Introduction
This chapter analyses the production of knowledge in mental health care networks during a policy process that took place in Belgium between 2007 and 2010. This process intended to test ‘The model of mental health care circuits and networks’ (NACH, 1997, 2007) developed by the National Advisory Council for Hospital Services (NACH), with the aim of reforming a mental health system that still depended on a model of hospital care. The development opened with an initiative called ‘Therapeutic Projects and Horizontal Consultation’, which comprised a set of pilot projects designed to test new forms of local service delivery in mental health care and to inscribe the resulting knowledge in documentary forms. These pilots were both local, designed to develop ‘therapeutic consultation’, and horizontal, designed to articulate the outcomes of local pilots in cross-project discussions.
By drawing on a case study of the horizontal pilot ‘Adults: General Psychiatry’ (AGP) – the discussion of different local pilots in adult general psychiatry – this chapter sets out to investigate empirically: how practitioners embodied knowledge of the new practices; how they came to enact that knowledge in the course of cross-project discussions; and how they coped with its inscription in a proposal for structural reform. At the same time, by also drawing on Actor-Network Theory (ANT) and the sociology of translation (Callon, 1999; Latour, 2007; Freeman, 2009), the discussion shows how ANT and the phenomenology of embodied, inscribed and enacted knowledge complement each another.

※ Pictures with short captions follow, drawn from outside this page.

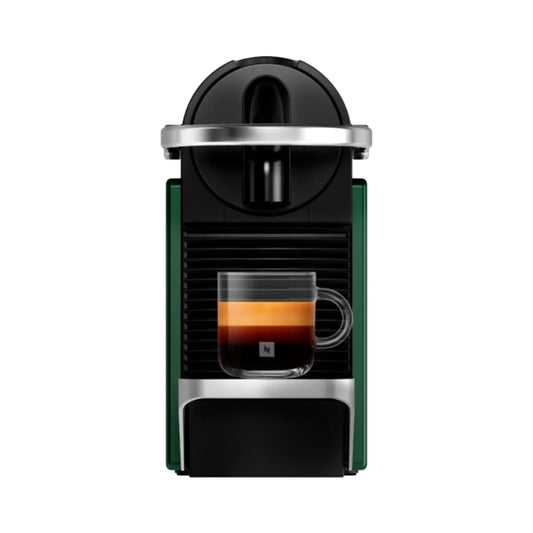 Cafetera Nespresso Pixie verde compacta con taza de espresso transparente y detalles en negro y plata.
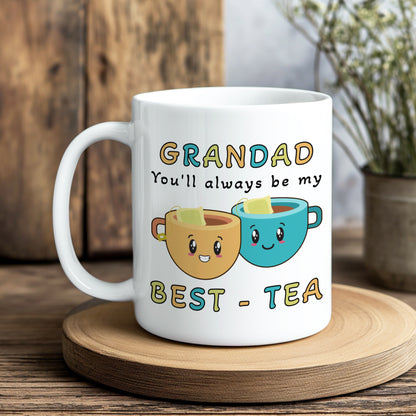 White mug with cartoon tea cups and text on a wooden coaster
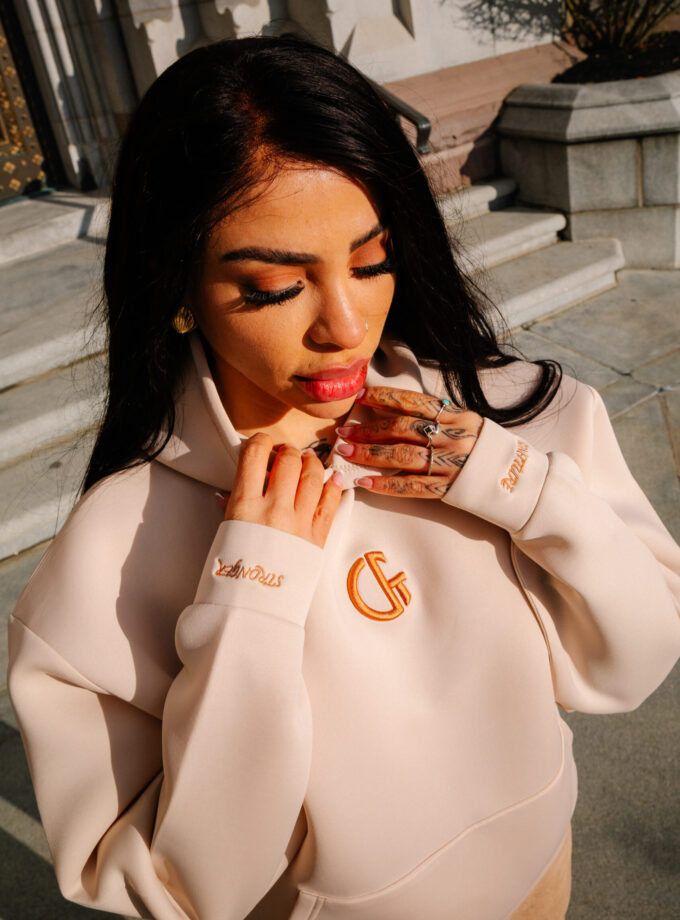 1. Close-up of a woman wearing a beige hoodie with Confiture logo, showcasing vibrant makeup and tattoos, standing outdoors with sunlight highlighting her face and outfit.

This chapter is composed of four main parts. The first briefly explains the background to the initiative; the second describes its design, emphasising that it is a very complex policy instrument, involving a number of different kinds of actors and different kinds of knowledge. The third part focuses on the case study of the AGP pilot. It starts from an assumption that the way a policy initiative is implemented impacts upon its meaning, as the meaning of inscribed knowledge is likely to change while being enacted. Rather than adopting a ‘static and compartmentalised’ model of knowledge, we therefore consider knowing as ‘something that people do’ (Blackler, 1995, pp 1021–3). In keeping with this approach to seeing knowledge in process, our case study relates the translation of the experience of mental health practitioners into knowledge inscribed in proposals for the structural reform of mental health services more generally.